Saved data entries ::

+++++

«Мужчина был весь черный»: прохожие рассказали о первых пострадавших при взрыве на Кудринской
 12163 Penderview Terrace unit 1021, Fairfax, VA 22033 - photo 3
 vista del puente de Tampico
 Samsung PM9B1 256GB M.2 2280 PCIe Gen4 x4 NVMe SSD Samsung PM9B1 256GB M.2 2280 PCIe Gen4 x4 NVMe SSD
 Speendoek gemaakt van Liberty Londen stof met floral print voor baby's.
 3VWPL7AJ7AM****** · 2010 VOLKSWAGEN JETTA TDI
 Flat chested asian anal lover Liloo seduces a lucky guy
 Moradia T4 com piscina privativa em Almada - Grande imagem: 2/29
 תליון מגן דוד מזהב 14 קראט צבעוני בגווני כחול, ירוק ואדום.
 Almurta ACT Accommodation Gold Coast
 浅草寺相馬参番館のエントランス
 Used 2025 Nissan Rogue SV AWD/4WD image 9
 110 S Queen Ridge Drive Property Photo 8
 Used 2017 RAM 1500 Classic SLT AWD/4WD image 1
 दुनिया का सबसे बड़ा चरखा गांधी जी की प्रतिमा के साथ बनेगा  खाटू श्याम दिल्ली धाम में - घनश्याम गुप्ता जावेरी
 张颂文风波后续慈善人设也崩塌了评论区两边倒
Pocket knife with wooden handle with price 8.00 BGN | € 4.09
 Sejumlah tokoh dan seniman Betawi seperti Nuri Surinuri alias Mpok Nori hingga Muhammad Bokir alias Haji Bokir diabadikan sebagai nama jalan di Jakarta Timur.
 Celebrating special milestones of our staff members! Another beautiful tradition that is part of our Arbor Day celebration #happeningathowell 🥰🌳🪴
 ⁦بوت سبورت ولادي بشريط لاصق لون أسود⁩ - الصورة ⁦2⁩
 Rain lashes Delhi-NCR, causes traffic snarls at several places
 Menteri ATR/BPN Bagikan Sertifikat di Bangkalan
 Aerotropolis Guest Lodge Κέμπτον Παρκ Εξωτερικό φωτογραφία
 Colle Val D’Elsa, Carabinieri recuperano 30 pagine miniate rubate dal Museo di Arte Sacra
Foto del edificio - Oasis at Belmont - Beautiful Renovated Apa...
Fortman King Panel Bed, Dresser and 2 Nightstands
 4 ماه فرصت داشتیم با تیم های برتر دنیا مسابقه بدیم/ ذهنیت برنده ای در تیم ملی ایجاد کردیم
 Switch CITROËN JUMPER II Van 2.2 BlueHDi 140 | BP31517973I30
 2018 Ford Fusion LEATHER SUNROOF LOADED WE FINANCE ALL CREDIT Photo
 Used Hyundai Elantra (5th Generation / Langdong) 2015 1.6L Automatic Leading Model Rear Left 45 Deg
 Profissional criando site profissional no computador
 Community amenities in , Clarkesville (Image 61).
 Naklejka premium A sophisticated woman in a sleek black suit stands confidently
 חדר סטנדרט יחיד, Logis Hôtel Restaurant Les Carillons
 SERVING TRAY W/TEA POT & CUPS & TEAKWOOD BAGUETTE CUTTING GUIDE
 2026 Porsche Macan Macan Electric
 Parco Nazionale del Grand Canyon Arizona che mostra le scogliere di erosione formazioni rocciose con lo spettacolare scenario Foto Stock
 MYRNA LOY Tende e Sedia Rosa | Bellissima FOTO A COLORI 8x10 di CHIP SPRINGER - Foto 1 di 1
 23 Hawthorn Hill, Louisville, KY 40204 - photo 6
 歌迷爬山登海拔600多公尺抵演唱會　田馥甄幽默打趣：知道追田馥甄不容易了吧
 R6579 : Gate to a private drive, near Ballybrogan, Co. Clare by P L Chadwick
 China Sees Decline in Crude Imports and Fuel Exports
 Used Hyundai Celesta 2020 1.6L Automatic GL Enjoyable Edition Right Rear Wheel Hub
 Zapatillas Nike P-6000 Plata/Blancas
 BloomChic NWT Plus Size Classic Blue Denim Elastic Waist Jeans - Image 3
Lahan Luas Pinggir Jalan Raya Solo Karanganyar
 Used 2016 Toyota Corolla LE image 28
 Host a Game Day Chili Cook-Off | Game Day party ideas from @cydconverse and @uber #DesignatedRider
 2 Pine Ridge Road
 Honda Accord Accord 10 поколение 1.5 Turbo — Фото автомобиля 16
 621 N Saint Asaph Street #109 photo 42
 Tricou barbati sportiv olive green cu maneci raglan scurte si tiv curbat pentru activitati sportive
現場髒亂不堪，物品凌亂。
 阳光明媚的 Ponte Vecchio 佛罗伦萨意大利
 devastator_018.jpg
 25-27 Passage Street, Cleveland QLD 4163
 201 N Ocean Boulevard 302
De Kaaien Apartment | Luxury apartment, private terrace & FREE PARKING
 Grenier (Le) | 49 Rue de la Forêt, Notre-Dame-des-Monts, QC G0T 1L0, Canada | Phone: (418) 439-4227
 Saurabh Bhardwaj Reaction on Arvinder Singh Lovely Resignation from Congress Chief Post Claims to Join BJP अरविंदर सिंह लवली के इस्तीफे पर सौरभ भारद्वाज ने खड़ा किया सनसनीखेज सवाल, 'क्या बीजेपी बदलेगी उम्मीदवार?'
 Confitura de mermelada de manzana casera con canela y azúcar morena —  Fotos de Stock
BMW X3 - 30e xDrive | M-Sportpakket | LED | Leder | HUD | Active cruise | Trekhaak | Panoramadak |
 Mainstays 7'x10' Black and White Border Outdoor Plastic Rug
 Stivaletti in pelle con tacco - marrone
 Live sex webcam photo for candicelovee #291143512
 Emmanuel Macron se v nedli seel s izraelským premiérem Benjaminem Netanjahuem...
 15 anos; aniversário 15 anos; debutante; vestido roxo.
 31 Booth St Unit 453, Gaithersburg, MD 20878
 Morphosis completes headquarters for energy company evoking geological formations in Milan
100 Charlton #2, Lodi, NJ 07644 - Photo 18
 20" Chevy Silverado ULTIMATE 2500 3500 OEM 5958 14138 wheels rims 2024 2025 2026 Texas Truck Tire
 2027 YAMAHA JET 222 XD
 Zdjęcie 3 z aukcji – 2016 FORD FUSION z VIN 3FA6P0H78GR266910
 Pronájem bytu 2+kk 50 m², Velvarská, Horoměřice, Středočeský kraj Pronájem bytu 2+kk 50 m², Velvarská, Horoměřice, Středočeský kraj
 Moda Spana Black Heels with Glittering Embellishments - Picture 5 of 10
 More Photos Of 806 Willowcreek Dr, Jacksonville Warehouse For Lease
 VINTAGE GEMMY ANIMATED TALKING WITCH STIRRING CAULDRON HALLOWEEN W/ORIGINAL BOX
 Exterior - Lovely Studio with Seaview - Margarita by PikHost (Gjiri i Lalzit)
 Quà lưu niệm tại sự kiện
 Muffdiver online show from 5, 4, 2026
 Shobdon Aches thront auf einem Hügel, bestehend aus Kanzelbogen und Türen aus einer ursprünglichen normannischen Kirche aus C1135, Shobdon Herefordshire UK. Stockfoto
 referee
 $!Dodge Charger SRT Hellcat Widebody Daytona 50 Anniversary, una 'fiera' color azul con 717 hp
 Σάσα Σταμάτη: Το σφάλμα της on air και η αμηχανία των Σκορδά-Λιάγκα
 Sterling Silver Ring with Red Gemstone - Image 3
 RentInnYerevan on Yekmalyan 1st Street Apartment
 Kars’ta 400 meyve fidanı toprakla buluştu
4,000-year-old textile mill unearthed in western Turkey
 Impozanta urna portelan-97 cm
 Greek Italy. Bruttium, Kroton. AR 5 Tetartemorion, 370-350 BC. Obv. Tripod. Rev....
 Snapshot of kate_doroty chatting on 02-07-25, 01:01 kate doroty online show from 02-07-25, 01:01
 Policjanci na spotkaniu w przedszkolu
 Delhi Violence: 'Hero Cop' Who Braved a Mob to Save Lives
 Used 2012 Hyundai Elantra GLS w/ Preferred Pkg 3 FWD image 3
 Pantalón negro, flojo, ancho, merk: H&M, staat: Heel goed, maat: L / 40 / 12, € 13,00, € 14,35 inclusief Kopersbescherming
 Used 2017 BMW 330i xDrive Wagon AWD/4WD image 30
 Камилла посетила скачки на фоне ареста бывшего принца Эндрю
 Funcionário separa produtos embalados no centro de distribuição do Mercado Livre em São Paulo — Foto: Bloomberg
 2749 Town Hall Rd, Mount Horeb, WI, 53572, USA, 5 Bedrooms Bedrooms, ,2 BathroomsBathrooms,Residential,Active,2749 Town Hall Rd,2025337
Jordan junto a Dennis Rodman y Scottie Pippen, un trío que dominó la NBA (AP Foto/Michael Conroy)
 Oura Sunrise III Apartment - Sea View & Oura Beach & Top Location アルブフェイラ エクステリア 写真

+++++

Task item :: Nothing but the lines from the start of the data above through the line with "दुनिया का सबसे" should appear in your answer, copied exactly.

Solution below ::
«Мужчина был весь черный»: прохожие рассказали о первых пострадавших при взрыве на Кудринской
 12163 Penderview Terrace unit 1021, Fairfax, VA 22033 - photo 3
 vista del puente de Tampico
 Samsung PM9B1 256GB M.2 2280 PCIe Gen4 x4 NVMe SSD Samsung PM9B1 256GB M.2 2280 PCIe Gen4 x4 NVMe SSD
 Speendoek gemaakt van Liberty Londen stof met floral print voor baby's.
 3VWPL7AJ7AM****** · 2010 VOLKSWAGEN JETTA TDI
 Flat chested asian anal lover Liloo seduces a lucky guy
 Moradia T4 com piscina privativa em Almada - Grande imagem: 2/29
 תליון מגן דוד מזהב 14 קראט צבעוני בגווני כחול, ירוק ואדום.
 Almurta ACT Accommodation Gold Coast
 浅草寺相馬参番館のエントランス
 Used 2025 Nissan Rogue SV AWD/4WD image 9
 110 S Queen Ridge Drive Property Photo 8
 Used 2017 RAM 1500 Classic SLT AWD/4WD image 1
 दुनिया का सबसे बड़ा चरखा गांधी जी की प्रतिमा के साथ बनेगा  खाटू श्याम दिल्ली धाम में - घनश्याम गुप्ता जावेरी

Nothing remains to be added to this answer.